Menjadi rahasia umum, segala kewenangan Dewan
Perwakilan Rakyat bisa menjadi ajang transaksi. Hak budget, legislasi, uji
kepatutan dan kelayakan calon penyelenggara negara, dan hubungan kerja dengan
mitra bisa berubah menjadi ajang transaksi, negosiasi, dan utang budi yang
ujungnya berupa uang atau hadiah.
Lembaga yang menjadi mitra DPR tahu itu.
Ketika ada anggota Dewan yang berkunjung ke daerah pun, tidak jarang lembaga
mitra yang harus menyediakan hotel, makan, atau mobil untuk jalan-jalan. Mitra
DPR dimaknai tidak lebih daripada penyedia segala keperluan, termasuk
menyediakan oleh-oleh. Memang tidak semua wakil rakyat bersikap kemaruk, tetapi
kondisi inilah yang merasuk dalam benak publik.
Oleh karena semua hal di DPR bisa
ditransaksikan, korupsi tentu bersifat masif.
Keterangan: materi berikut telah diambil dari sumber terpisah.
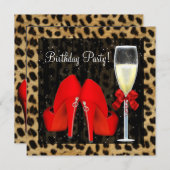 コーラルレッドハイヒールパーティー 誕生日 レオパード 招待状 (正面/裏面)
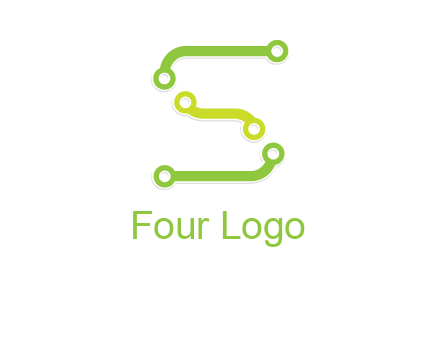 letter S with technology cables logo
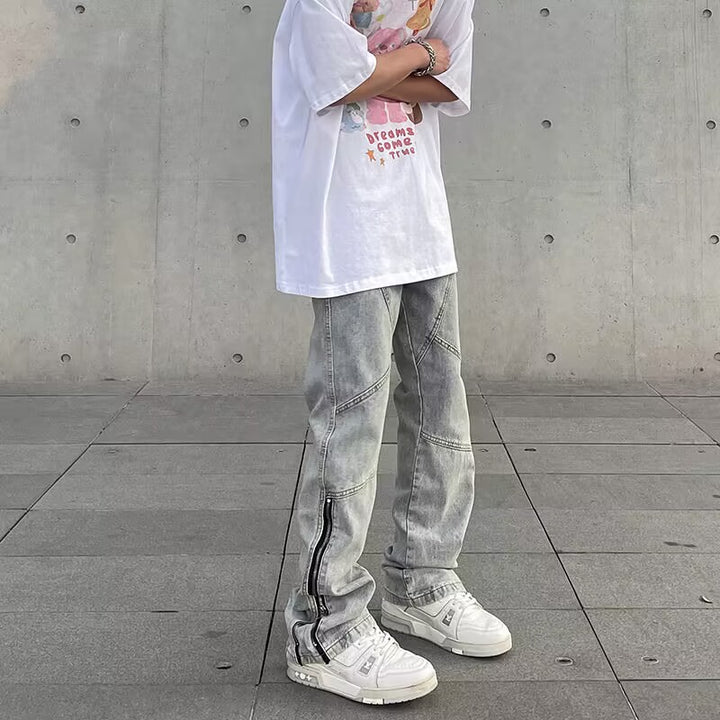 Herren Modische Denim Jeans mit kreativen Reißverschluss-Details Echoarchiv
Sebagian menggunakan uang tunai
agar tak terdeteksi. Dalam kasus pemilihan Deputi Gubernur Senior Bank
Indonesia tahun 2004, misalnya, imbalan untuk anggota DPR memakai cek
perjalanan, yang juga tidak terdeteksi aliran dananya oleh sistem perbankan.
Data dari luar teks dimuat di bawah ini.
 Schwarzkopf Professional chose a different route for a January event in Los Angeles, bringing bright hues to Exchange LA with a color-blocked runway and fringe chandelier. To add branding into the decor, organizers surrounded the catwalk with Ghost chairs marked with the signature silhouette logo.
Namun, mungkin saking masifnya, masih banyak
pula transaksi yang terindikasi tindak pidana korupsi di DPR yang menggunakan
sistem perbankan. Inilah yang terdeteksi Pusat Pelaporan dan Analisis Transaksi
Keuangan (PPATK). Tidak tanggung-tanggung, PPATK menerima 2.000 laporan
mencurigakan yang melibatkan anggota DPR, dan sebagian besar dari mereka duduk
di Badan Anggaran DPR.
Saat ini, transaksi itu masih dianalisis
PPATK, apakah berindikasi pidana korupsi atau tidak. Ke depan, ruang gerak
anggota DPR untuk ”main-main” makin sempit. Pasalnya, PPATK kini tak hanya
menelusuri transaksi melalui aliran di rekening bank, tetapi juga transaksi
yang menggunakan uang tunai.
PPATK mewajibkan penjual mobil, properti, dan
logam mulia melaporkan penjualan langsung di atas Rp 500 juta, baik secara
tunai, giro, pentransferan, atau pemindahbukuan. Langkah ini bertujuan
membatasi ruang gerak pelaku kriminal dalam mencuci uang hasil kejahatannya.
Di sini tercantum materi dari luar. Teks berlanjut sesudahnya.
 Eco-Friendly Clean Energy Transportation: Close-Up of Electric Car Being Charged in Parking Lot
Modus operandi pencucian uang kian beraneka
ragam, tidak lagi sebatas pada industri keuangan seperti perbankan, asuransi,
dan pasar modal. Modus pencucian uang juga mengarah pada industri non-keuangan,
seperti penjual berbagai benda mewah, hingga transaksi di kantor pengacara,
notaris, dan akuntan publik.
Penelitian yang dilakukan PPATK menemukan
adanya modus pencucian uang melalui pembelian barang berharga oleh pelaku
kejahatan. Kondisi itu, misalnya, ditemukan dalam perkara korupsi yang
melibatkan Gayus HP Tambunan, mantan pegawai pajak yang memiliki kekayaan
miliaran rupiah. Kondisi serupa bisa saja terjadi pada wakil rakyat yang
dicurigai karena kekayaannya melonjak tinggi.
Kewajiban lama
Di Indonesia, kewajiban pelaporan bagi setiap
penyedia jasa keuangan itu berlaku sejak tahun 2002 dengan diberlakukannya
Undang-Undang Nomor 15 Tahun 2002 tentang Tindak Pidana Pencucian Uang. UU ini
diubah dengan UU Nomor 25 Tahun 2003, tentang hal yang sama, karena pencucian
uang kian marak terjadi di negeri ini.
Transaksi yang terjadi di perusahaan
properti; pedagang kendaraan bermotor; pedagang permata, perhiasan, dan logam
mulia; pedagang barang seni dan barang antik; serta balai lelang yang wajib
dilaporkan ke PPATK adalah lebih besar atau setara dengan Rp 500 juta.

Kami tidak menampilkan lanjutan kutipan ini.